L’un des sous-titres du document sonne de manière remarquable : « [La Chine] ne cherche jamais l’hégémonie, l’expansion ou [à diviser le monde en] sphères d’influence. » Il a été choisi comme la déclaration clé de l’ensemble du document lors de sa présentation par les représentants du Ministère de la Défense de la République Populaire de Chine. Le commentaire officiel du Global Times explicite le même ordre d’idées : « Les militaires chinois sont forts mais ne cherchent qu’à se défendre ».
L’évolution des dépenses militaires relatives et leur niveau actuel indiqué dans le document peuvent constituer un argument de poids en faveur de ces déclarations. Bien que, en termes absolus, les dépenses de la RPC soient aujourd’hui les deuxièmes plus importantes au monde, après celles des États-Unis, quatre fois inférieures à celles des États-Unis et trois fois supérieures à celles de la Russie, elles se situent toujours dans la fourchette de 1,3% du PIB. La partie dépenses du budget de l’État chinois prévoit une portion pour la défense d’un peu plus de 5% du budget.
C’est-à-dire, qu’en termes relatifs, les dépenses militaires de la RPC sont au même niveau que celles de « pays non militarisés » tels que le Japon (1% du PIB) et l’Allemagne (1,3%), et très inférieures à celles de « leaders » comme la Russie et les États-Unis. Ce tableau d’ensemble ne va pas changer radicalement, même si l’on considère certaines dépenses militaires chinoises « cachées » comme on aime à en discuter aux États-Unis.
Il est tout à fait naturel que le commentaire fourni par les « sympathisants » de la RPC exprime un doute sur les bonnes intentions du document en question. En même temps, l’argument principal d’un tel scepticisme repose sur divers passages qui touchent directement ou indirectement à la question de Taïwan. Sujet qui est en effet extrêmement sensible pour l’establishment chinois en général.

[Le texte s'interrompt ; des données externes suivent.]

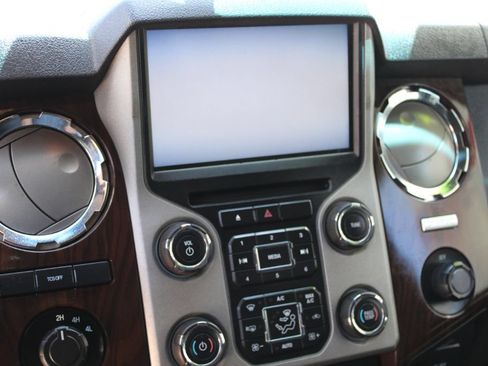 Used 2016 Ford F350 Lariat w/ Lariat Interior Package AWD/4WD image 12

Ainsi, dès le début du commentaire de l’agence Associated Press, il est souligné que la Chine « n’exclut pas le recours à la force » pour résoudre le problème taïwanais. La question de la « lutte contre le séparatisme », qui se manifeste principalement dans deux régions administratives spéciales de la République populaire de Chine, fait l’objet d’une attention plus soutenue dans les régions du Xinjiang-Ouïghour et du Tibet.
Ajoutons que la situation dans ces deux régions, ainsi qu’à Hong Kong récemment, est depuis longtemps le sujet principal de la campagne de propagande anti-chinoise menée par les mêmes « sympathisants ». Avec une partie spécifique du cercle politique russe toujours prête à y adhérer, comme elle l’a déjà fait pour les questions de la Corée du Nord et du Cambodge dans le passé.

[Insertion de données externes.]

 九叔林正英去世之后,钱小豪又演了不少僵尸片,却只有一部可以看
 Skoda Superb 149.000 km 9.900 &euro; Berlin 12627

Sur le plan professionnel, ce nouveau document conceptuel dans le domaine de la défense et de la sécurité de la République populaire de Chine est actuellement examiné par l’une des principales institutions analytiques américaines, le Center for Strategic and International Studies (CSIS).
L’article publié par le CSIS et rédigé par Anthony H. Cordesman – spécialisé, comme on peut s’en douter, sur les problèmes du Grand Moyen-Orient en général et la résolution des problèmes dans lesquels cet expert a été directement impliqué – a un sous-titre remarquable : «Un défi stratégique ouvert aux États-Unis, mais qui ne doit pas mener au conflit.»
L’auteur de l’article tire une conclusion intermédiaire remarquable en essayant de s’en tenir à un style d’opposition scientifique consciencieuse au document en question et en exprimant un certain nombre de remarques critiques à son égard : « En même temps, il est important de noter que, d’une certaine façon, le Livre blanc chinois est plus modéré dans son traitement des États-Unis que les documents stratégiques américains ne l’ont été dans les discussions sur les développements militaires en Chine.»
C’est tout à fait cela. Si seulement ces mots pouvaient parvenir aux oreilles des dirigeants de l’establishment américain. Cependant, le problème aujourd’hui est que ces mêmes dirigeants s’observent les uns les autres d’une manière de plus en plus mordante.